NAME

File::OM - Output Multiplexer routines

SYNOPSIS

use File::OM;              # to import routines into a Perl script

$om = File::OM->new(       # make output object that creates strings in
      $format, {           # XML, Turtle, JSON, ANVL, CSV, PSV, or Plain
  outhandle => *STDOUT,    # (opt) print string instead of returning it
  verbose => 1 });         # (opt) also output record and line numbers

$om->ostream();            # open stream

$om->cstream();            # close stream

$om->orec(                 # open record
      $recnum);            # record number (normally tracked from 1)

$om->crec();               # close record

$om->elem(                 # output entire element, unless $name undefined
      $name,               # string representing element name
      $value,              # string representing element value
      $lineno,             # input line number/type (default '1:')
      $elemnum);           # element number (normally tracked from 1))

$om->elems(                # output elements; wrap ANVL/Plain/XML lines
      $name,               # string representing first element name
      $value,              # string representing first element value
      ...);                # other element names and values

$om->name_encode($s);      # encode a name
$om->value_encode($s);     # encode a value
$om->comment_encode($s);   # encode a comment or pseudo-comment

om_opt_defaults();         # get hash reference with factory defaults

DESCRIPTION

The OM (Output Multiplexer) Perl module provides a general output formatting framework for data that can be represented as a stream of records consisting of element names, values, and comments. Specific conversions are possible to XML, Turtle, JSON, CSV, PSV (Pipe Separated Value) and "Plain" unlabeled text.

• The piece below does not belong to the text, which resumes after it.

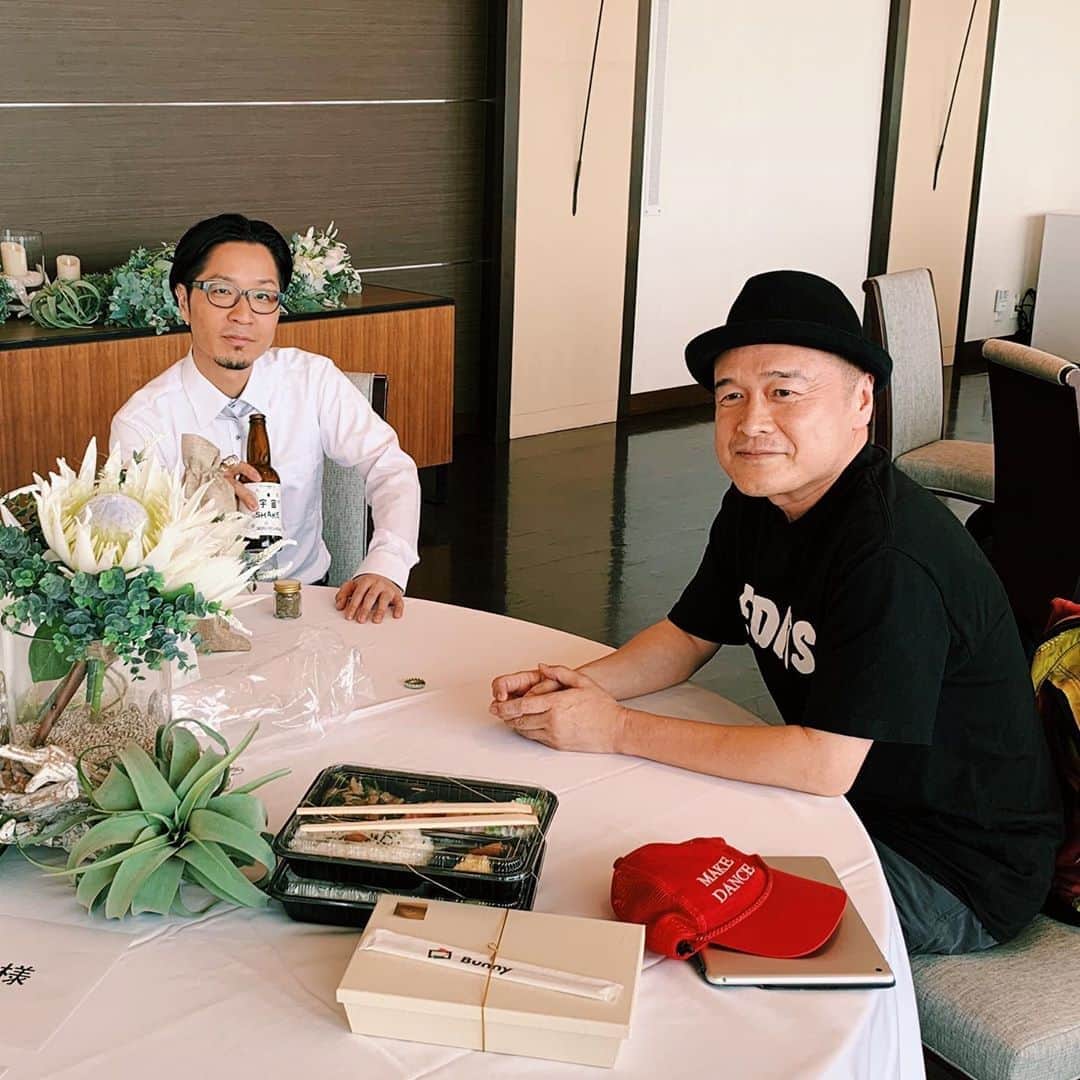 川辺ヒロシのインスタグラム：「Pおめでとう〜 披露宴ではなく控え室」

The internal element structure is currently identical to the structure returned by File::ANVL::anvl_recarray. The n-th element corresponds to three Perl array elements as follows:

INDEX   CONTENT
3n + 0  input file line number
3n + 1  n-th ANVL element name
3n + 2  n-th ANVL element value

This means, for example, that the first two ANVL element names would be found at Perl array indices 4 and 7. The first triple is special; array elements 0 and 2 are undefined unless the record begins with an unlabeled value, such as (in a quasi-ANVL record),

Smith, Jo
home: 555-1234
work: 555-9876

in which case they contain the line number and value, respectively. Array element 1 always contains a string naming the format of the input, such as, "ANVL", "JSON", "XML", etc.

The remaining triples are free form except that the values will have been drawn from the original format and possibly decoded. The first item ("lineno") in each remaining triple is a number followed by a letter, such as "34:" or "6#". The number indicates the line number (or octet offset, depending on the origin format) of the start of the element. The letter is either ':' to indicate a real element or '#' to indicate a comment; if the latter, the element name has no defined meaning and the comment is contained in the value. To output an element as a comment without regard to line number, give $lineno as "#".

OM presents an object oriented interface. The object constructor takes a format argument and returns undef if the format is unknown. The returned object has methods for creating format-appropriate output corresponding (currently) to seven output modes; for a complete application of these methods, see File::ANVL::anvl_om. Nonetheless, an application can easily call no method but elem(), as the necessary open (orec() and ostream) and close (crec() and cstream()) methods will be invoked automatically before the first element is output and before the object is destroyed, respectively. Passing an undefined first argument ($name) to elem() is useful for skipping an element in a position-based format such as CSV or PSV, which indicate a missing element by outputing a separator character; when the format is not position-based, the method usually outputs nothing.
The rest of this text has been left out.